At a "clean billions" symposium in Auckland yesterday, business people working in areas such as renewable energy reported how hard it was to get local funding for promising clean technology developments.
Nick Main, chairman of the Business Council for Sustainable Development, said New Zealand was not short on ideas or people working in the green sector, but the country had a problem with capital. "We have to move quickly if we don't want people to come down and take our technology and scientists."
James Watson, a former research scientist, said he had not been able to get funds in New Zealand to develop his business focused on alternatives to petrochemicals.
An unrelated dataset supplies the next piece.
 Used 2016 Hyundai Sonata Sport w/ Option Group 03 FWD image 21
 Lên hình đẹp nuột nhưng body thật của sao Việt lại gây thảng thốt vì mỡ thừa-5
Instead Dr Watson was successfully introduced to Singaporean funds.
Nick Gerritsen, a director of Aquaflow Bionomic Corporation which is working on making biofuel from algae, said New Zealand had been too slow in taking opportunities.
"Our capital markets have failed ... we come to talkfests but it's about acting ... about investing, not just innovation."
Nick Eady, director of Crest Energy, which aims to harness tidal power in the Kaipara Harbour, said New Zealand did not have a viable capital market and companies would not hang around.
Sean Simpson, co-founder of Lanzatech, which has developed a system to make fuel through the fermentation of waste, said the global markets had to be captured quickly.
"The ideas are there but you don't have people prepared to take risks with millions of dollars ... we need more risk money."
Mr Simpson said his company was fortunate in having secured great investors. The first, providing $100,000, were scientists who owned a small Auckland company and understood what Lanzatech was doing.
Lanzatech then attracted investment from Stephen Tindall and the late Ross Clark, which opened doors to future investments all the way to Khosla Ventures, Vinod Khosla having founded Sun Microsystems.
Mr Tindall said cleantech was attracting huge attention in the US but if New Zealand did not take up the opportunities it would be left behind.
David Clarke, from Cranleigh Merchant Bankers, said global investment in the sector for 2007 was US$148 billion, up almost 50 per cent from the previous year. He noted the biggest New Zealand Government grant to date in greentech was $12 million.